Bidirectional recurrent neural networks (BRNNs)

Along with the LSTM, one of the most used RNN architecture is the bidirectinal recurrent neural network (BRNN). In this architecture, there are two layers of hidden nodes. Both hidden layers are connected to input and output. The two hidden layers are differentiated in that the first has reccurent connections from the past time steps while in the second the direction of recurrent of connections is flipped, passing activation backwards along the sequence. Given an input sequence and target sequence, the BRNN can be trained by ordinary backpropagation after unfolding across time. The following three equations describes a BRNN:

$$\mathbf{h}^{(t)} = \sigma(W^{hx} \mathbf{x}^{(t)} + W^{hh} \mathbf{h}^{(t-1)} + \mathbf{b}_h)$$

$$\mathbf{z}^{(t)} = \sigma(W^{(zx)} \mathbf{x}^{(t)} + W^{zz} \mathbf{z}^{(t+1)} + \mathbf{b}_z)$$

$$\hat{\mathbf{y}}^{(t)} = softmax(W^{yh} \mathbf{h}^{(t)} + W^{yt} \mathbf{z}^{(t)} + \mathbf{b}_y)$$

where $\mathbf{h}^{(t)}$ and $\mathbf{z}^{(t)}$ are the values of the hidden layers in the forwards and backwards directions respectively.

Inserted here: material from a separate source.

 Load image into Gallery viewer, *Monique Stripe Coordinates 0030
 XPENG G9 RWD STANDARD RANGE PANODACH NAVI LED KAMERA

One limitation of the BRTT is that cannot run continuously, as it requires a fixed endpoint in both the future and in the past. Further, it is not an appropriate machine learning algorithm for the online setting, as it is implausible to receive information from the future, i.e., to know sequence elements that have not beeen observed. But for prediction over a sequence of fixed length, it is often sensible to take into account both past and future seuqnce elements. Consider the natural laguange task of part-of-speech tagging. Given any word in a sequence, information about both the words which precede and those which follow it is useful for predicting that word’s part-of-speech.